I have learned in linear algebra that if $M,N$ are vector spaces, $M$ is $n-$dimensional and $f:M \rightarrow N$ is linear, then $\text{dim} (\text{ker}f) + \text{dim}(\text{Im}f)=n$. This is a consequence of:
$\text{ker}f \bigoplus \text{Im}f \cong M$
How can this proposition be extended? Here are two ways, supposing $A$ is a ring (with unity), $M,N$ are $A$-modules, $f$ is $A-$linear:
- $\text{Im}f$ is free
- $A$ is a principal ideal domain, $M$ is finitely generated and $N$ is torsion free
This proof works for any ring $A$ (unital or not). Let $f:M\to N$ be a homomorphism from a left $A$-module $M$ to another left $A$-module $N$ (both $M$ and $N$ are not necessarily unitary in the case where $A$ is unital). We have a short exact sequence $$0\to \ker(f)\overset{\subseteq}{\longrightarrow}M\overset{f}{\longrightarrow}\text{im}(f)\to 0\,.\tag{*}$$ Suppose that $\text{im}(f)$ is projective, such as when $A$ is unital and $\text{im}(f)$ is a free $A$-module. Therefore, the short exact sequence above splits, yielding $$M\cong\ker(f)\oplus\text{im}(f)\,.$$ This is also the case if $\ker(f)$ is injective, such as when $A$ is unital and $\ker(f)$ is a cofree $A$-module.

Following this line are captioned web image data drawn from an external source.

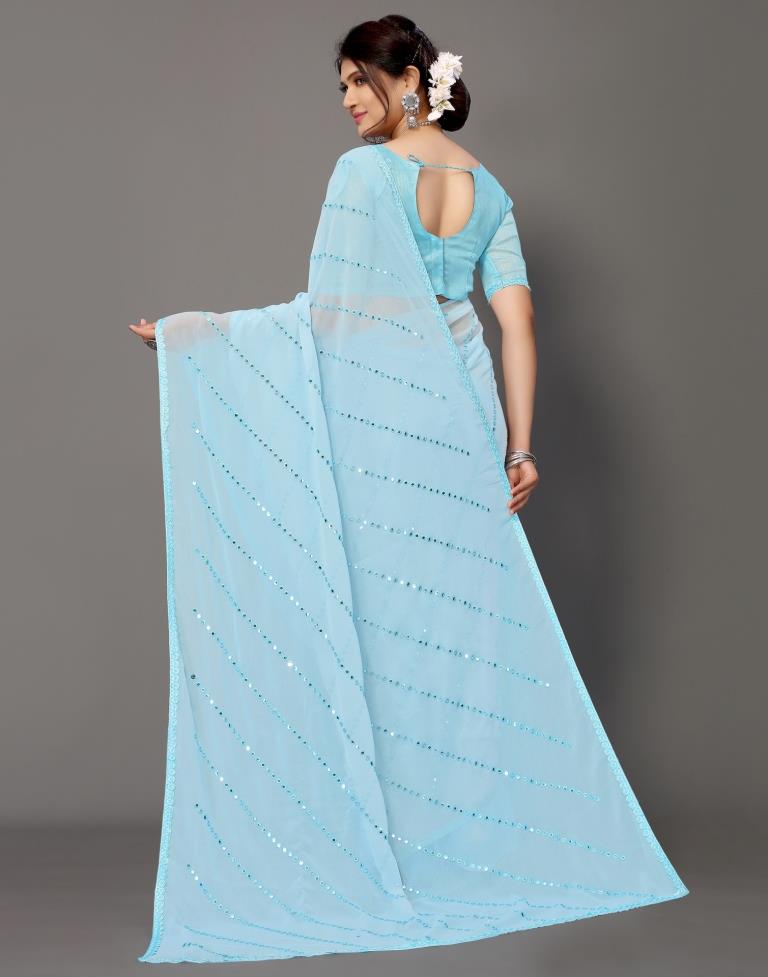 Light Blue Georgette Saree | Leemboodi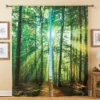 Collections Etc Forest Sunshine Scene Window Drapes - Set Of 2 Green -Home Decoration Onsale GUEST bdd41536 c446 4dea 953b cb351c26cdcb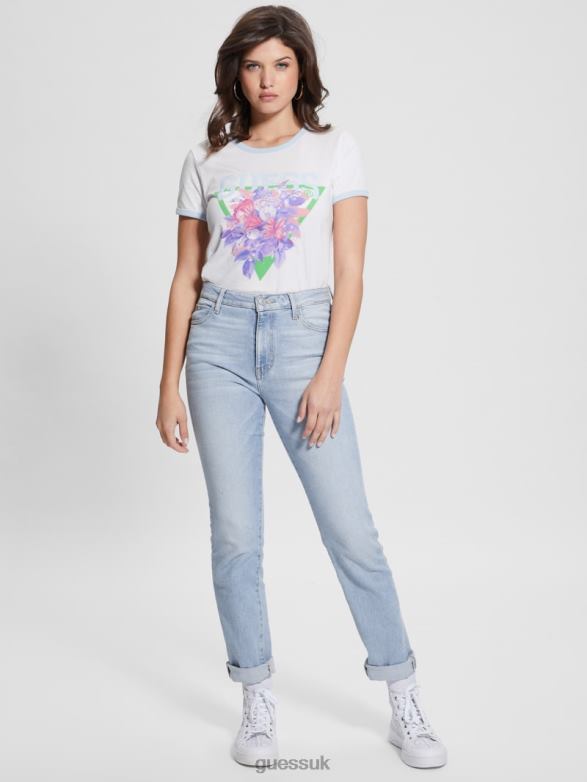 GUESS Women Eco Triangle Crewneck Bouquet Tee Pure White Apparel V28V61301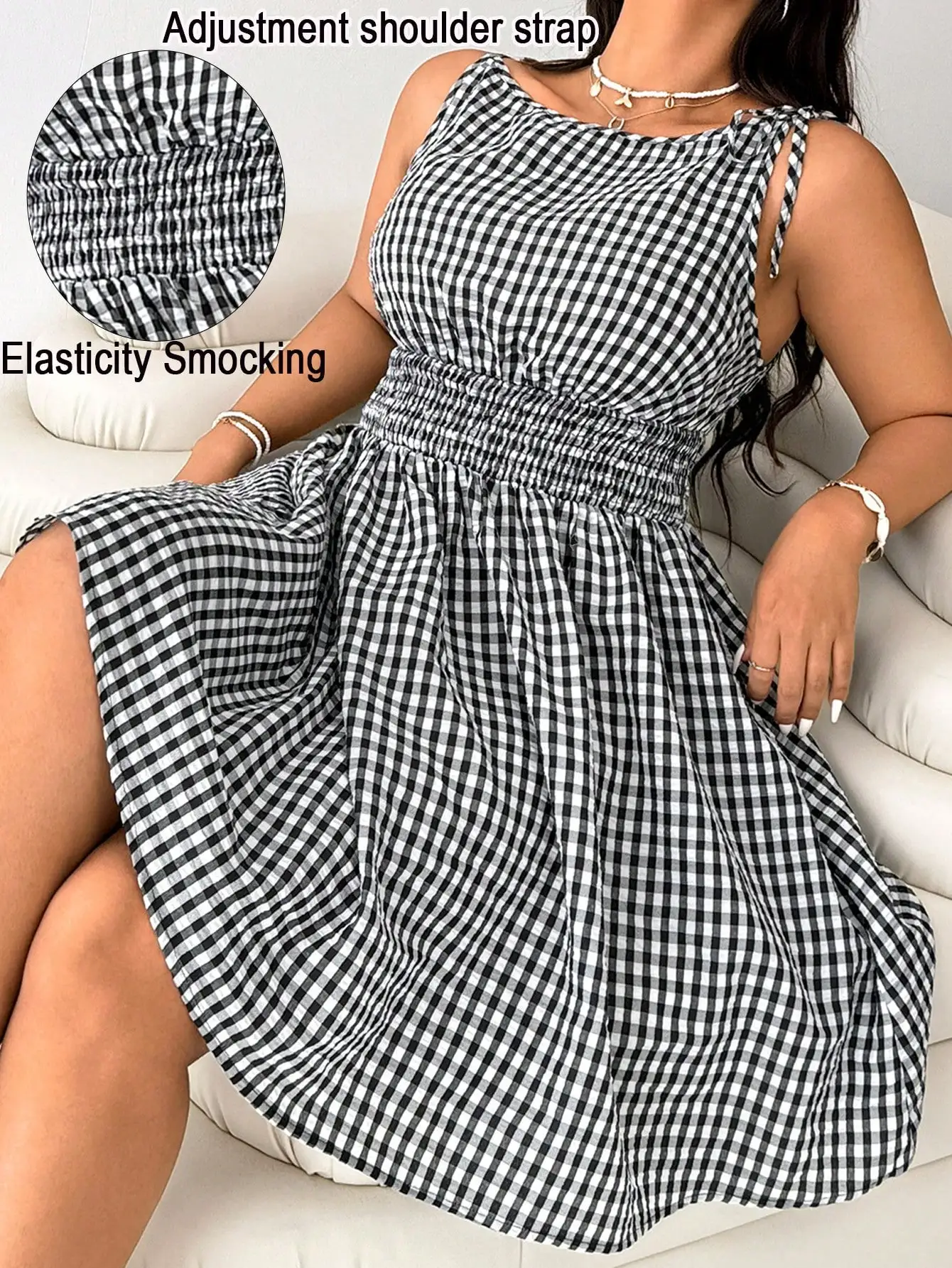 

Black & White Gingham Tie-Shoulder Shirred Waist Midi Dress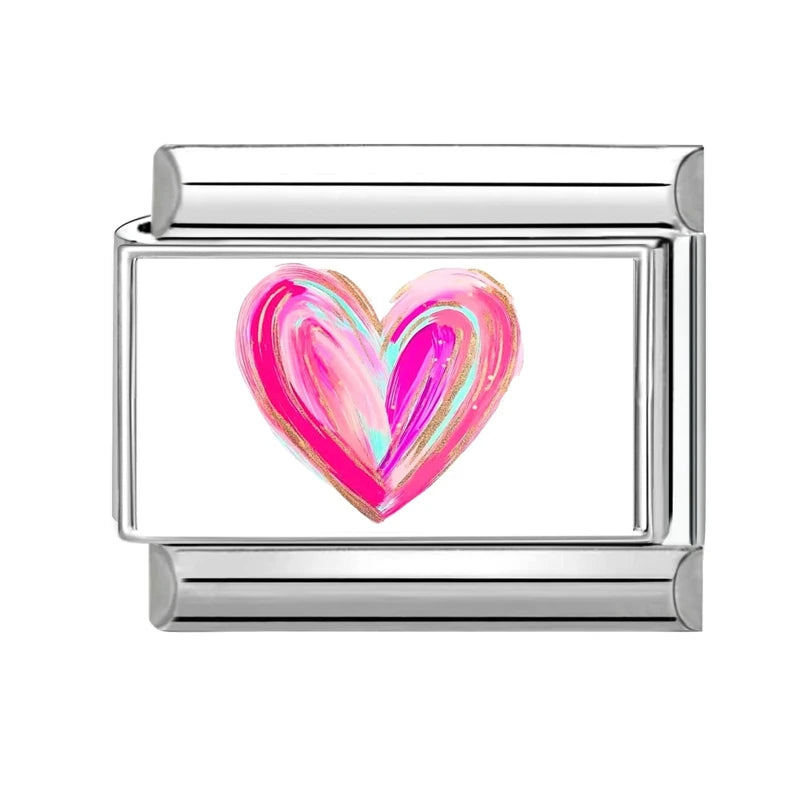 Fashion Pink Y2K Leopard Print Love Heart Butterfly Italian Charm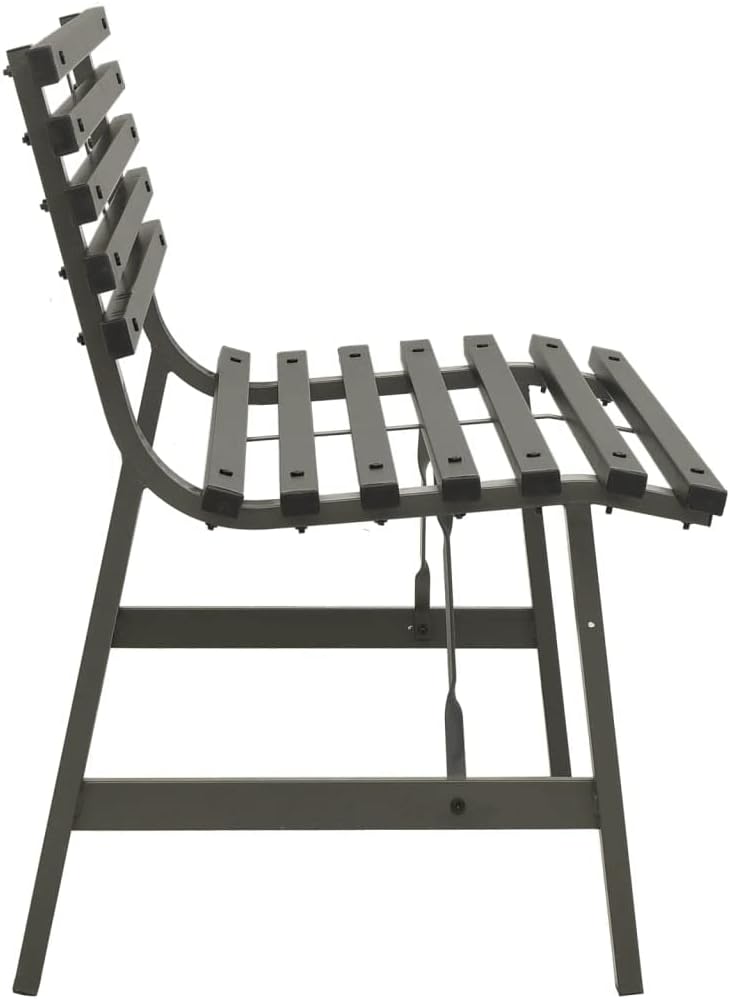 Black Steel 2-Seater Outdoor Bench D115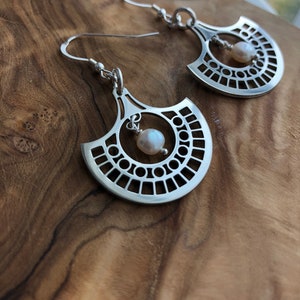 Geometric Earrings In Sterling Silver With Fresh Water Pearls, Durable, Gift image 10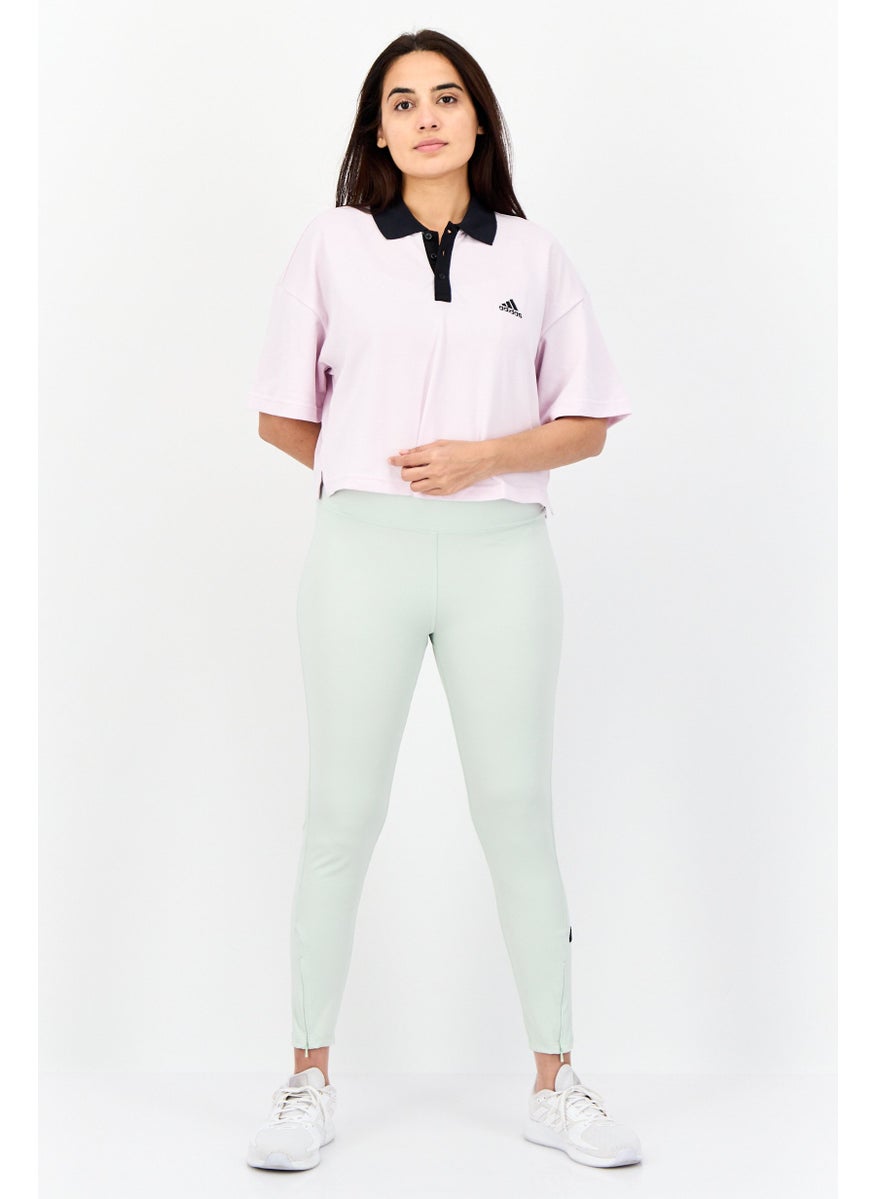 Adidas - Women Sportswear Fit Short Sleeve Outdoor Crop Polo Shirt, Lavender - Image 1
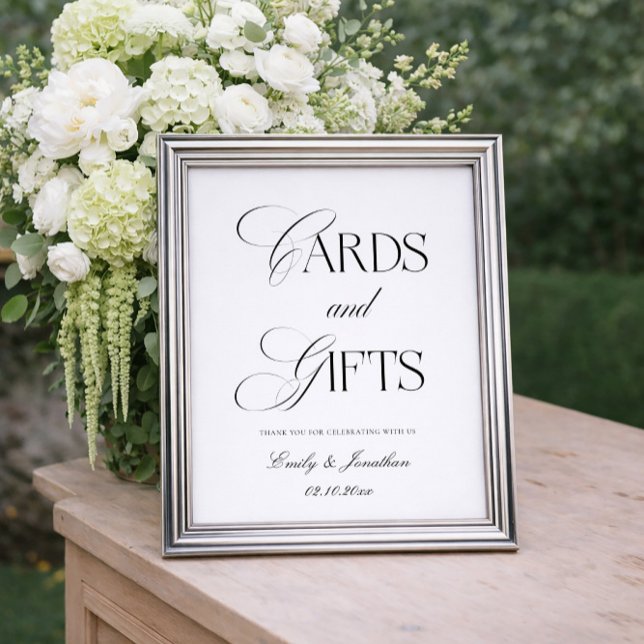 Poster Cartões e Presentes de Casamento Preto e Branco (Criador carregado)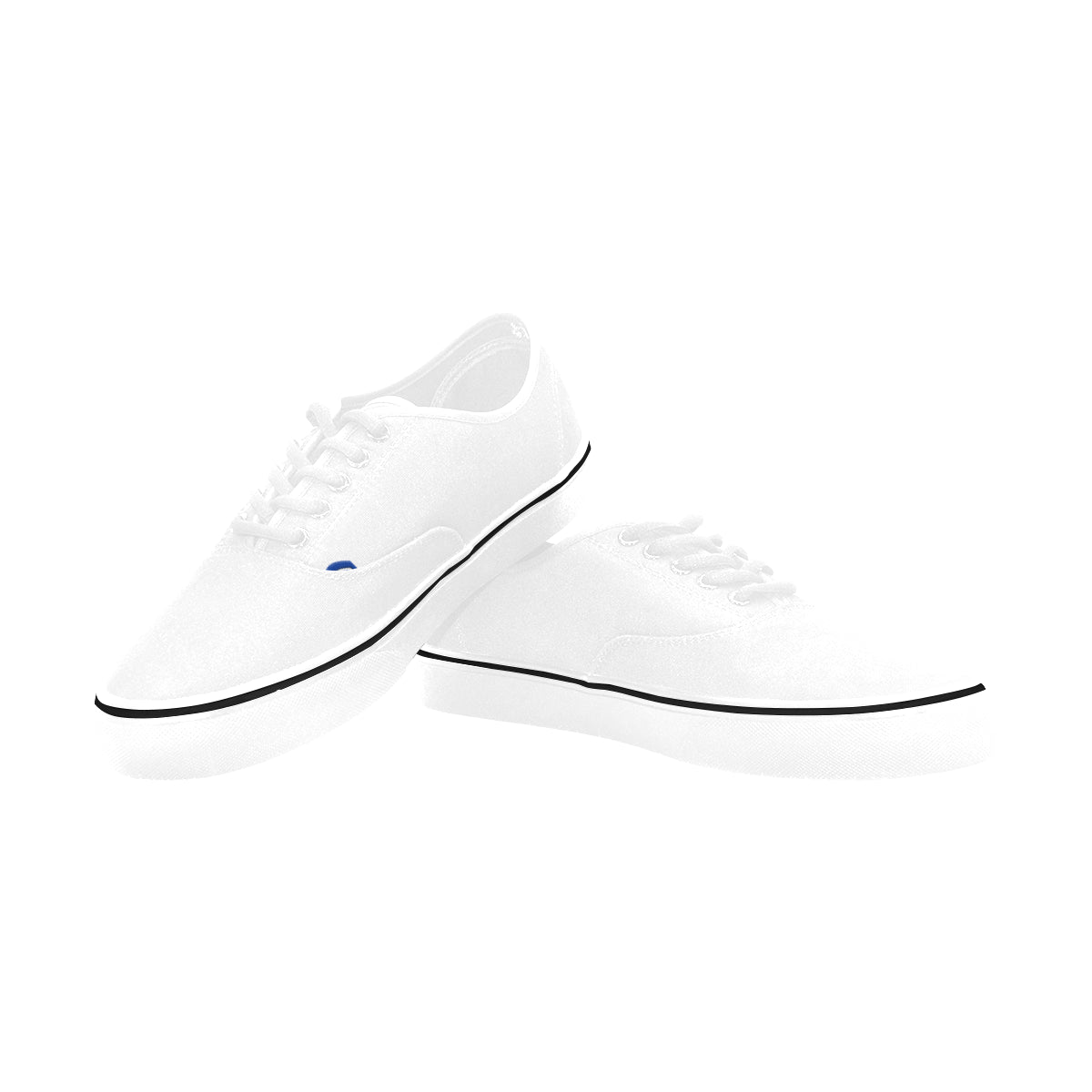 blue logo Classic Women's Canvas Low Top Shoes (Model E001-4)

However, the most general answer would probably be that the short exact sequence (*) is splitting. That is, either can you find a section $\sigma:\text{im}(f)\to M$ such that $f\circ \sigma:\text{im}(f)\to\text{im}(f)$ is the identity map, or a retraction $\rho:M\to \ker(f)$ such that $\rho|_{\ker(f)}:\ker(f)\to\ker(f)$ is the identity map. This characterization is not very useful, I think.